• **Requirement**: Find the lines of data that contain the string "Used", then list them.

• **Records to process**:
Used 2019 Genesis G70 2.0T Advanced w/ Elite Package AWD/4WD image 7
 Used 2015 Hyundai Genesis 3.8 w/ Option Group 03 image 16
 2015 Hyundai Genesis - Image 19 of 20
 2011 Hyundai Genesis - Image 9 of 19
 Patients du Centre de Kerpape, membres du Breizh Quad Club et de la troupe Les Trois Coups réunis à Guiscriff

• **Written solution**:
Used 2019 Genesis G70 2.0T Advanced w/ Elite Package AWD/4WD image 7
 Used 2015 Hyundai Genesis 3.8 w/ Option Group 03 image 16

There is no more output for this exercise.